I have lived in somewhat unusual places like Japan, Russia and Los Angeles. I was a global project manager and have traveled all over the world. But between you and me, I never really liked it - the logistics, the organization, the packing, the rushing to the airport in the winter. These things are not for me. So having kids was a fine excuse to stop traveling so much.
And now I'm out of practice. For my recent trip to California I checked my itinerary about ten times, looking for mistakes. I agonized over my car rental. I shopped for an entire week of food so Ralf wouldn't forget to feed the kids. I smothered my babies with kisses as if they could be rationed during my absence.
I kissed their pillows one last time before I left, in case, God forbid, something should happen to me.

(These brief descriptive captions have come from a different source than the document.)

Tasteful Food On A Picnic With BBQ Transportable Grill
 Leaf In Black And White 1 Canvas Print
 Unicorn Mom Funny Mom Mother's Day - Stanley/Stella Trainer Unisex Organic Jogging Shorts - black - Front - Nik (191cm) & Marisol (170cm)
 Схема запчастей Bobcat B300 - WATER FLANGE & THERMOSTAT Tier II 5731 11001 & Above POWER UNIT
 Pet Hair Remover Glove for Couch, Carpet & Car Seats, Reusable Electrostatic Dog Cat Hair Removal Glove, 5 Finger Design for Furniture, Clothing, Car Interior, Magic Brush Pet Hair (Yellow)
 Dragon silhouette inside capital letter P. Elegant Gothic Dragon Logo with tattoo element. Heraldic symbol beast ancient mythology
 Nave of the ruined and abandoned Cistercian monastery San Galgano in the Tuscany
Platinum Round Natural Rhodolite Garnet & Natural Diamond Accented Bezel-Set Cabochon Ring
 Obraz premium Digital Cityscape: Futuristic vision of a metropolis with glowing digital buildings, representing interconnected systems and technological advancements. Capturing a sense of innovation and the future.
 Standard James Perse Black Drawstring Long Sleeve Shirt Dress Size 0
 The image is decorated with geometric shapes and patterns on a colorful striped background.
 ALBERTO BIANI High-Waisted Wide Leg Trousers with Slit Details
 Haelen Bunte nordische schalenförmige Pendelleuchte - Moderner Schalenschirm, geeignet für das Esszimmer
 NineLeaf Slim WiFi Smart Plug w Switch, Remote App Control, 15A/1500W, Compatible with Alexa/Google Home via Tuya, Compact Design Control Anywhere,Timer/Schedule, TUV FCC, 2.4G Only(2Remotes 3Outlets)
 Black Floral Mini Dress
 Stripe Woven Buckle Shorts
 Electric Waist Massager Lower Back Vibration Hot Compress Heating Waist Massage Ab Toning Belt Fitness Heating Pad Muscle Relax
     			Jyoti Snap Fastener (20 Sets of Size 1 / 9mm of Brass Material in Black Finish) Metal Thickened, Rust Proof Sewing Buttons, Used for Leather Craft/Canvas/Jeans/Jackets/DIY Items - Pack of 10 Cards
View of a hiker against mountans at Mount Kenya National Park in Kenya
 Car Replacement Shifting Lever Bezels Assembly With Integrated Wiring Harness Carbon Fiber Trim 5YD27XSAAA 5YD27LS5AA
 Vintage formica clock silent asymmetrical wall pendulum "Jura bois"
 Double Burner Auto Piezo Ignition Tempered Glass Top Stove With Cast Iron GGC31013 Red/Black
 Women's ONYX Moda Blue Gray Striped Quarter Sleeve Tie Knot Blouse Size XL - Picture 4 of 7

Ralf brings me to the airport. It was a bit like our old dating days when I would visit him in Milan for the weekend and he would bring me to the train station to return to Germany. . . but only almost because now we are partners in this different life that includes children.
He leaves me to go through security and I face a stern security guard who wants to throw away my eye cream because I hadn't put it in a plastic bag.
'Go ahead,' I tell her. She doesn't like this. She wants me to go get a plastic bag.
'I don't have time,' I tell her.
'Then we must throw it away,' she says.
'Go for it,' I say.
'You understand, that's the rule,' she says.
'I understand,' I assure her.
Inexplicably, however, she does not throw it away. She runs it through the machine and I furtively stick it back in my purse on the other side.
The poor Italian guy in front of me loses his shower gel, however. The penalty for having expensive toiletries, I guess.
At the gate I look around and wonder, as I always do before flying, if this will be the end of my journey. I miss my babies and melodramatically wonder if I will see them again. I wonder if my last Facebook status, 'Laura has left the room,' will be my epitaph.
But I am flying with Lufthansa. The Germans may not care about customer service but they take their engineering seriously.
On the plane I wonder how people can afford business class with their kids.
No one is sitting next to me. A small miracle.
I jot down notes for my upcoming meeting.
I read about the octuplets.
I miss my boobies.
I miss Ralf.
I am a free radical. Ten more days before I am the nucleus of my family again.
We take off and the countdown begins.